Before leaving the Santa Lucia Children’s Home with his newly adopted family, Jonathan Luis* had one important stop to make. He needed to thank the orphanage’s adoption lawyer who had worked so tirelessly for seven years to help him find a forever family. “When I grow up I want to be just like you,” Jonathan said. “I want to become an adoption lawyer and help kids find a family.”
Jonathan’s lawyer still gets a little choked up when recalling that moment. “Being an adoption lawyer is so emotionally difficult because you feel for these children,” says Santa Lucia’s lawyer, Pablo Alvarez.* “Jonathan’s case had so many ups and downs. Even though it required hard work and long hours, a moment like that makes everything worth it.”
Jonathan’s adoption was not easy. He arrived at Santa Lucia Children’s Home when he was just 2 years old. Pablo worked with Jonathan’s biological parents, arranging for them to go through rehabilitation in hopes of bringing the family back together again. After trying for over six years with no success, Pablo and Sor Maria del Cisne—the head nun at Santa Lucia—decided to pursue another avenue: adoption. Because Jonathan’s parents had never signed away parental rights, adoption would be very difficult.
Overcoming the Odds for Adoption
“At best, this case had a 5 percent chance of success,” Pablo recalls. “Most orphanages can’t afford to help any child who has less than a 30 percent chance at adoption. Fortunately, Santa Lucia has the support of the Melaleuca Foundation. This longstanding relationship gave us the confidence to move forward on a patch that could possibly help Jonathan.”
Thanks to the Melaleuca Foundation, Santa Lucia was able to take the case to court and help Jonathan become eligible for adoption. It was an arduous process, but everyone at Santa Lucia worked together to help Jonathan.
Jonathan was eventually paired with a family for adoption. Because Jonathan’s new family lived in a different country, he would need to learn a new culture and a new language.
Reassuring a Scared Little Boy
As excited as Jonathan was about the idea of a family, going to a new place was scary. He began acting out in school, and his usually high grades started to slip. Sor Maria and a social worker at the orphanage sat down with him and asked what was going on.

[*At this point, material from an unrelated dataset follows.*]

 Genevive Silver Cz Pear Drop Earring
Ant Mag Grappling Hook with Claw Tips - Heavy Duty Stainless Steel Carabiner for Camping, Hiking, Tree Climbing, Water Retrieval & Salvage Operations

“I worried, ‘What if it falls through and I don’t get a family?'” Jonathan says. “What if the kids at my new school think I’m dumb because I can’t speak the language?”

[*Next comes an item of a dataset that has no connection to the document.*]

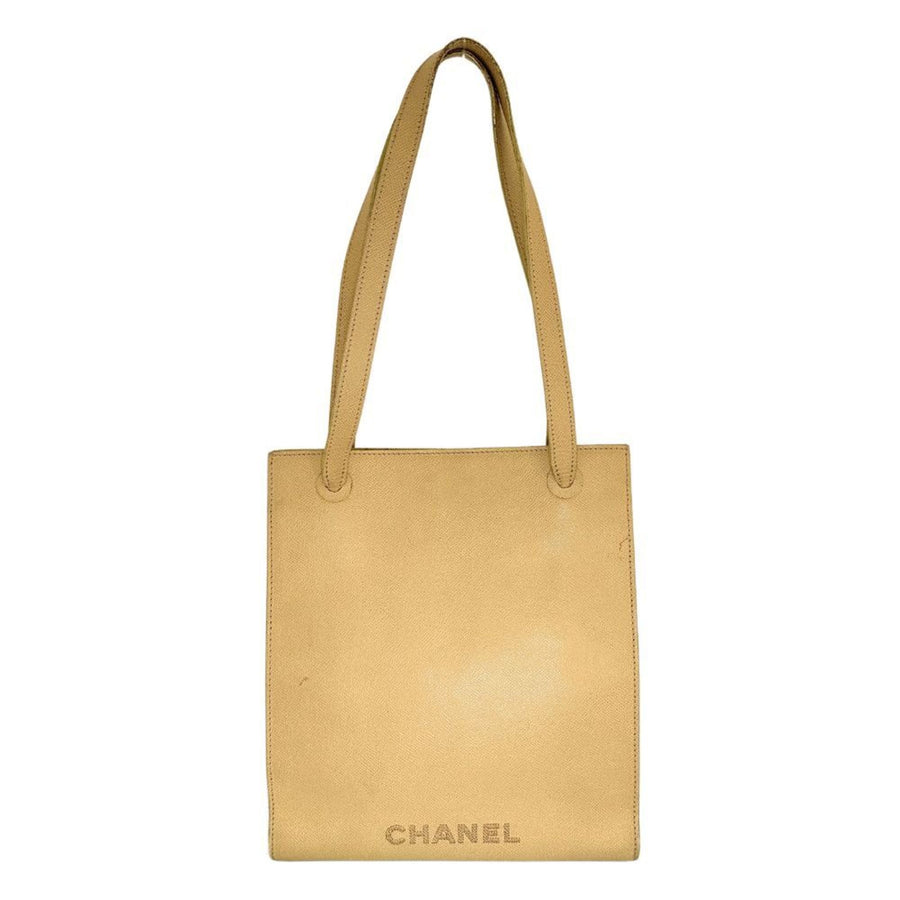 Chanel Classic Tote Bag Beige Leather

Sor Maria gave Jonathan a big hug and assured him: Not only would he have a family, but he would learn the language and make new friends. As Jonathan worked with a social worker to prepare for his new home, he gradually overcame these fears.
When the time came for Jonathan to leave Ecuador with his new family, there was only one last hurdle: the plane. Jonathan had never flown before. H e was terrified he would fall out of the plane when it was in the sky.

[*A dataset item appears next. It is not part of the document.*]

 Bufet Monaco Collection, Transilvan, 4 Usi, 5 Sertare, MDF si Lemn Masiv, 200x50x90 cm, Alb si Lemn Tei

“Jonathan had never even seen a plane, so the idea of flying was scary,” Sor Maria recalls. “It took Pablo and me a few talks with him before he revealed what was scaring him. Somehow, we were able to help him become comfortable with the idea.”
A Successful Family TransitionJonathan’s journey to his new family wasn’t easy, but it was well worth it. After being with his new family for two years, Jonathan feels their love and excitement for him every day. As Sor Maria predicted, he has quickly picked up the new language and made many new friends. Not only is he excelling at school, but he has also become the star of his youth league basketball team.
A Christmas Miracle
This Christmas, Jonathan will receive a special present. His famil plans to get together with two other families whose children were also recently adopted from Santa Lucia and live in the same country.
Amazingly, both of these girls stayed in Santa Lucia’s “House 4” with Jonathan, where they all lived together for several years. Under the loving care of a “house mother,” the eight children in House 4 took care of one another, ate meals together, and grew in heart and spirit as a family unit. Although they technically don’t share the same bloodline, Jonathan considers them his sisters.
“I didn’t think it was possible to have a better Christmas than the one I had last year with my new family,” Jonathan says. “But this year, I get to spend Christmas with my family as well as two of my Santa Lucia sisters and their families.”
Sometimes it’s easy to forget what your monthly donation does: the lives you help change and the families you create. Thanks to your support and contributions, the Melaleuca Foundation not only helps children get a warm meal and a safe bed, but also gives them a chance to feel loved, to have a mom and a dad and to be a brother or sister.
Jonathan is just one of many adoptions made possible by you.
*Names have been changed to protect privacy in accordance with various adoption laws.